▶ **Data for analysis**:
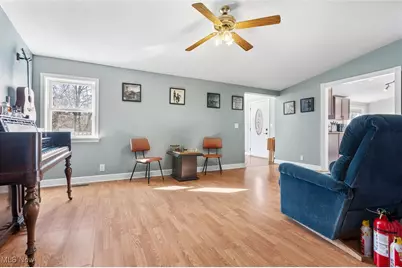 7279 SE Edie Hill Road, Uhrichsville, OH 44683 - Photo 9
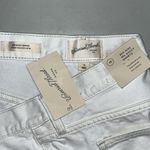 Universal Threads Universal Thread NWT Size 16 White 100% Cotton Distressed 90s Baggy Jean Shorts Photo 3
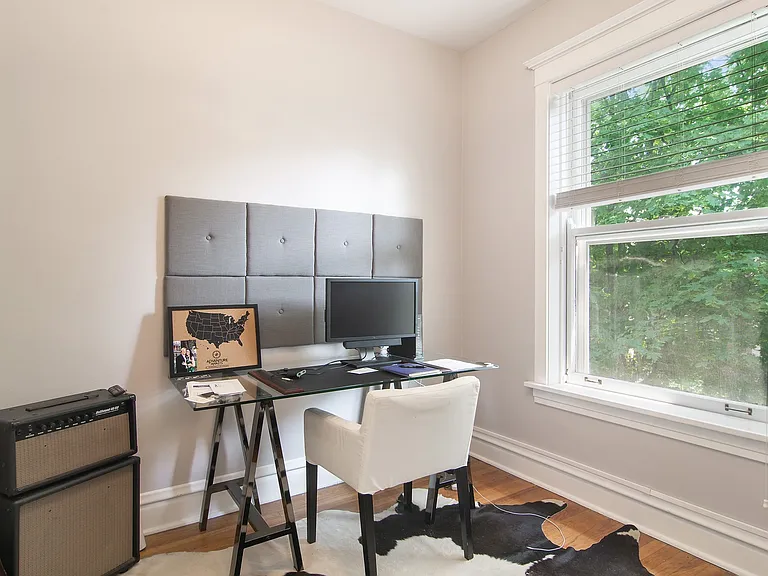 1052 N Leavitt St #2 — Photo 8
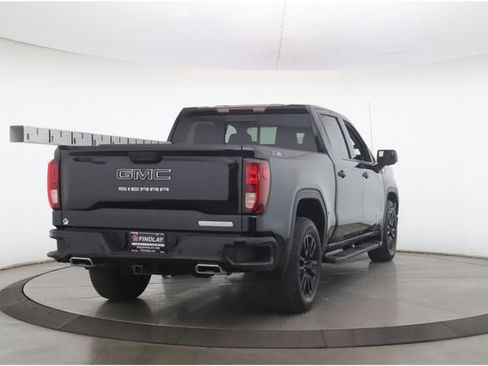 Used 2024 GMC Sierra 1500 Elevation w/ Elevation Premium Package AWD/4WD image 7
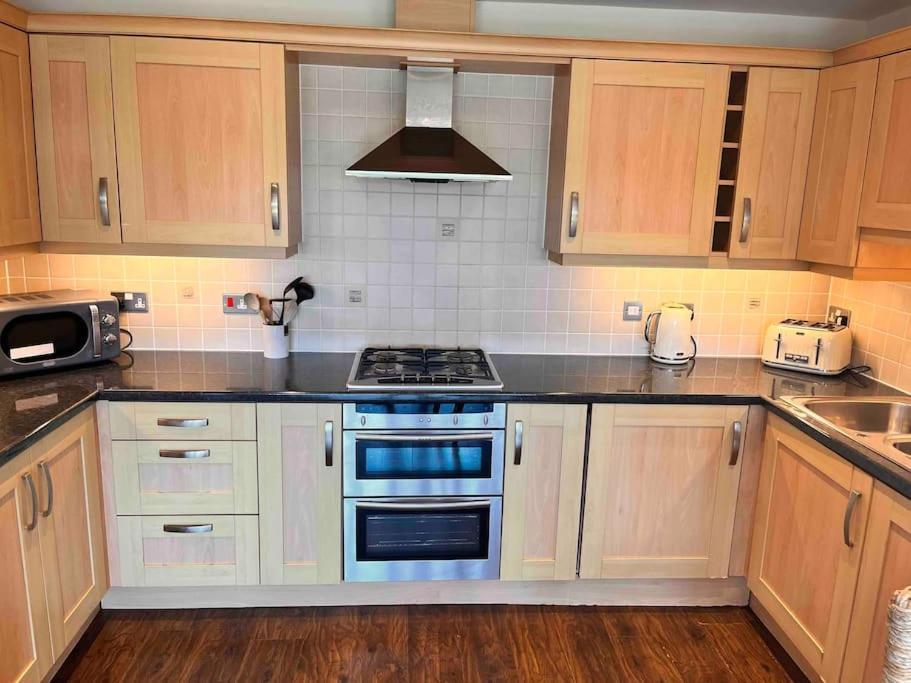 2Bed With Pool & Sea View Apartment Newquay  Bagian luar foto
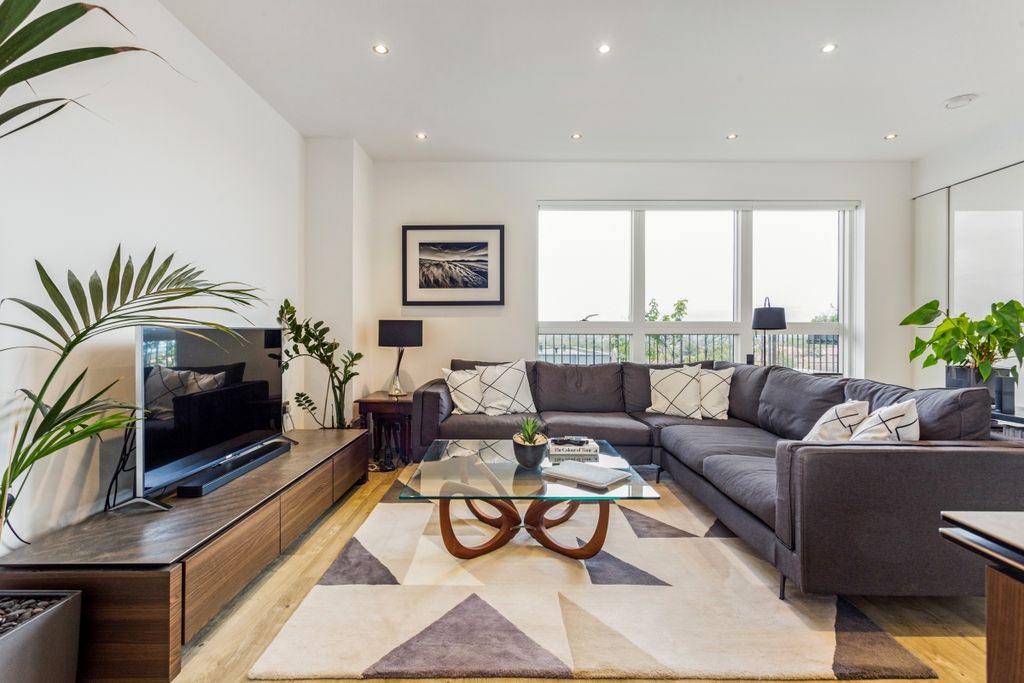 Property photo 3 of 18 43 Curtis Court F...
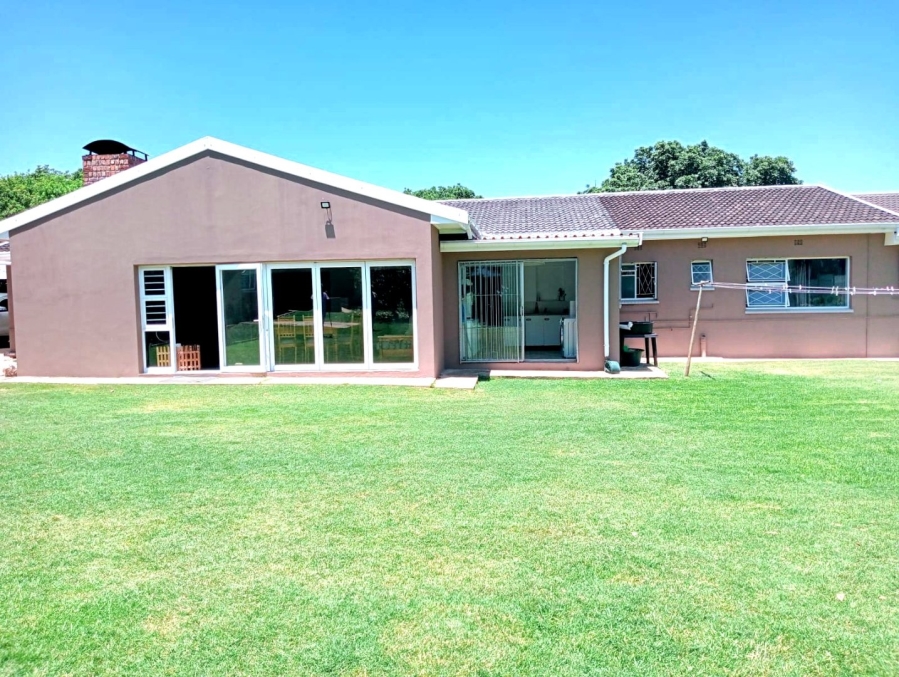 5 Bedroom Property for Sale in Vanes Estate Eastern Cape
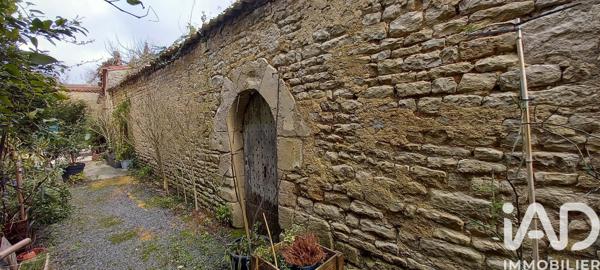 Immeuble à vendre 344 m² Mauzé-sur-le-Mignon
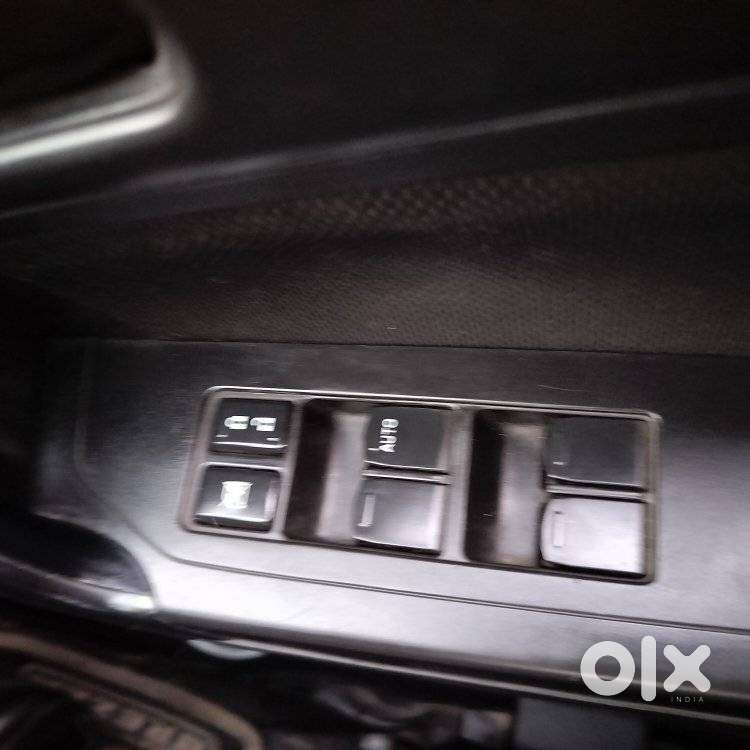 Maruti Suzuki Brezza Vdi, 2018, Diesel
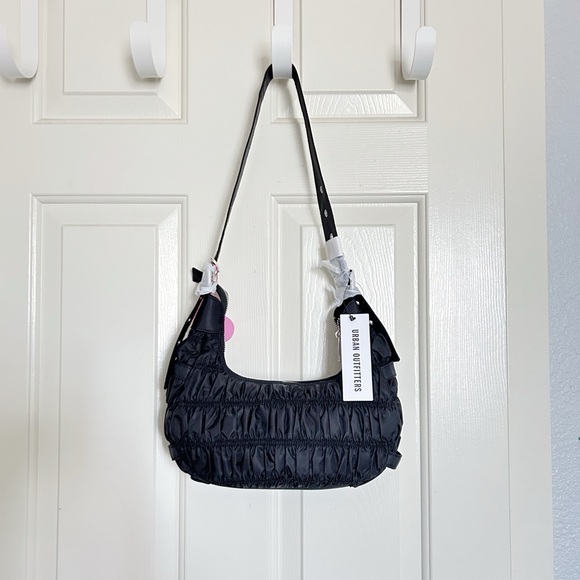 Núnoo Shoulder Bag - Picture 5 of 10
--
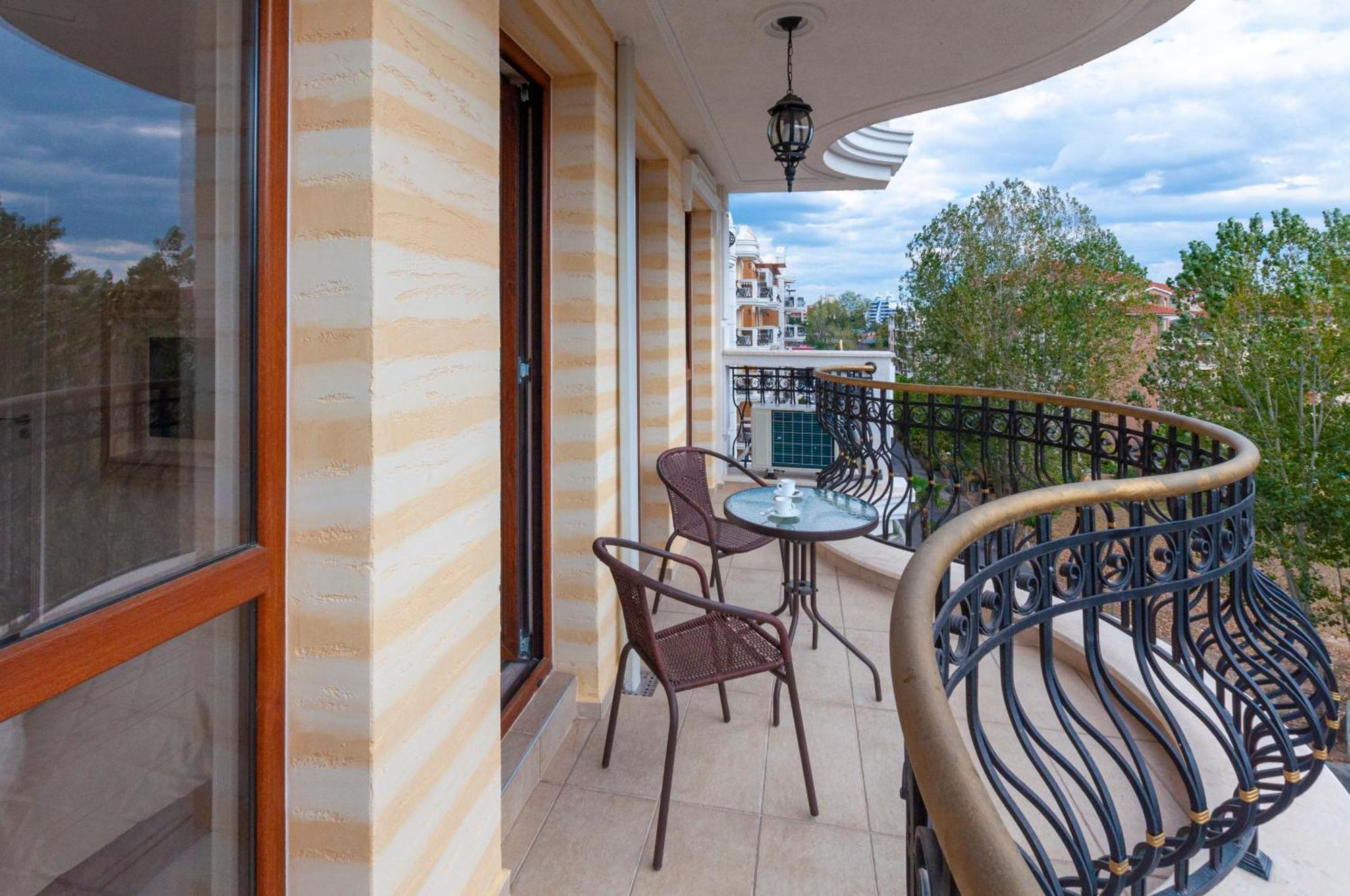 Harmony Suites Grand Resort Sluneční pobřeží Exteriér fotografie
---
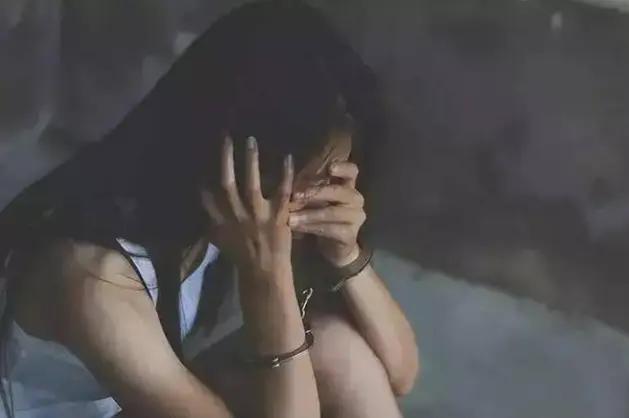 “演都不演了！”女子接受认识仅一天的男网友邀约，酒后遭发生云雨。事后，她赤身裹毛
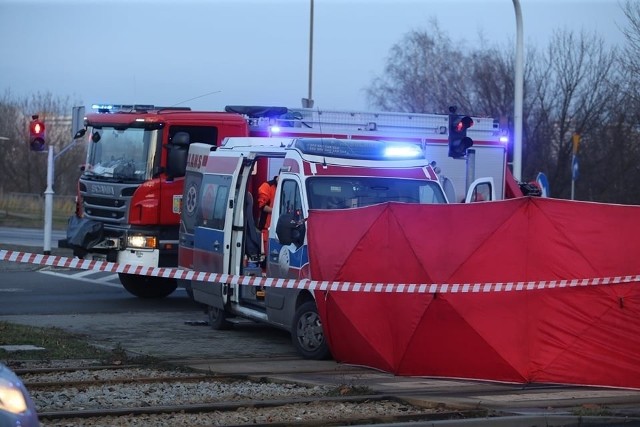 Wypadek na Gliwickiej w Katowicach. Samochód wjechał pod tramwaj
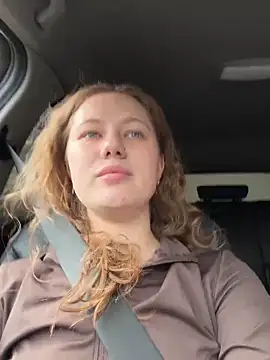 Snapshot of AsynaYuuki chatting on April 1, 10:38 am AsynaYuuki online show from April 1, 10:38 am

▶ **Your instructions**: From the records above, output only the lines starting at the one containing "7279 SE Edie" and ending at the one containing "Núnoo Shoulder Bag - Picture 5 of 10", word for word. Pictures stay out.

▶ **Solution to the exercise**:
 7279 SE Edie Hill Road, Uhrichsville, OH 44683 - Photo 9
 Universal Threads Universal Thread NWT Size 16 White 100% Cotton Distressed 90s Baggy Jean Shorts Photo 3
 1052 N Leavitt St #2 — Photo 8
 Used 2024 GMC Sierra 1500 Elevation w/ Elevation Premium Package AWD/4WD image 7
 2Bed With Pool & Sea View Apartment Newquay  Bagian luar foto
 Property photo 3 of 18 43 Curtis Court F...
 5 Bedroom Property for Sale in Vanes Estate Eastern Cape
 Immeuble à vendre 344 m² Mauzé-sur-le-Mignon
 Maruti Suzuki Brezza Vdi, 2018, Diesel
 Núnoo Shoulder Bag - Picture 5 of 10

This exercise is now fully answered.